(Supplied entries begins)
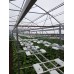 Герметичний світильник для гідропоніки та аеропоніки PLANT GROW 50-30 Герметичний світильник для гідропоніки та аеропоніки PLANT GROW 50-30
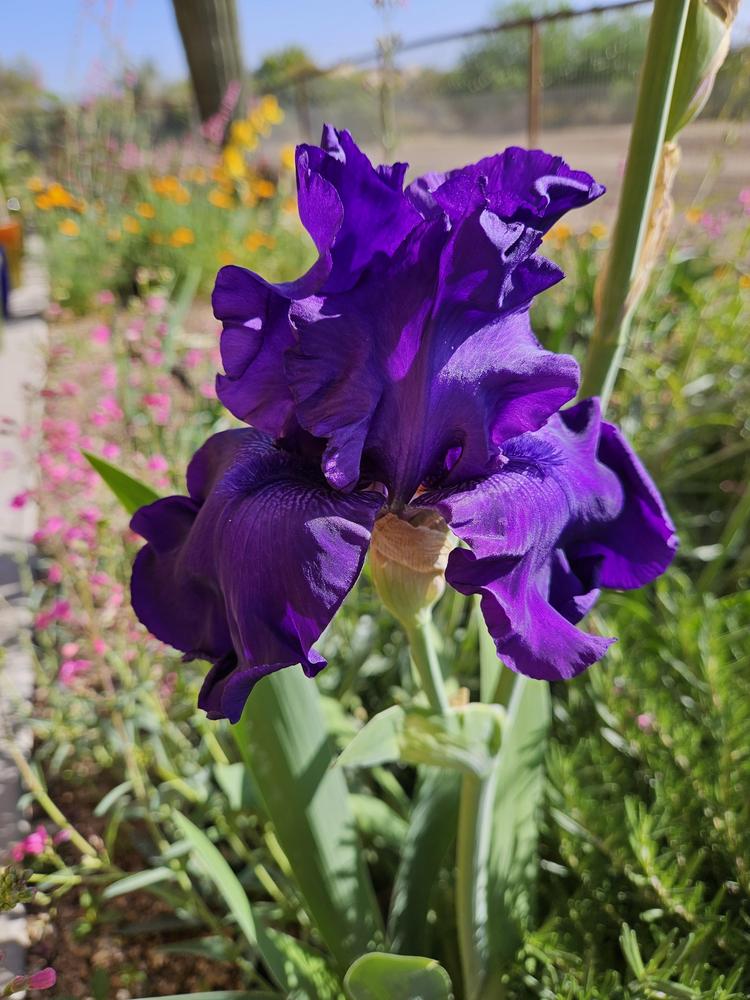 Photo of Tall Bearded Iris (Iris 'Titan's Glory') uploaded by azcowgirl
(Supplied entries ends)
(Supplied entries begins)
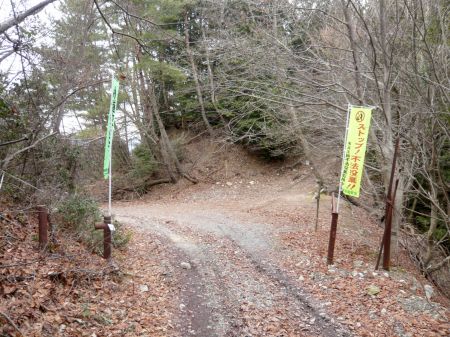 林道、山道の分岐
(Supplied entries ends)
* Goal of the exercise *
Set down, exactly as written above, each line from the one with "GROW 50-30 Герметичний" through the one with "Photo of Tall", and skip the pictures.

* Result *
 Герметичний світильник для гідропоніки та аеропоніки PLANT GROW 50-30 Герметичний світильник для гідропоніки та аеропоніки PLANT GROW 50-30
 Photo of Tall Bearded Iris (Iris 'Titan's Glory') uploaded by azcowgirl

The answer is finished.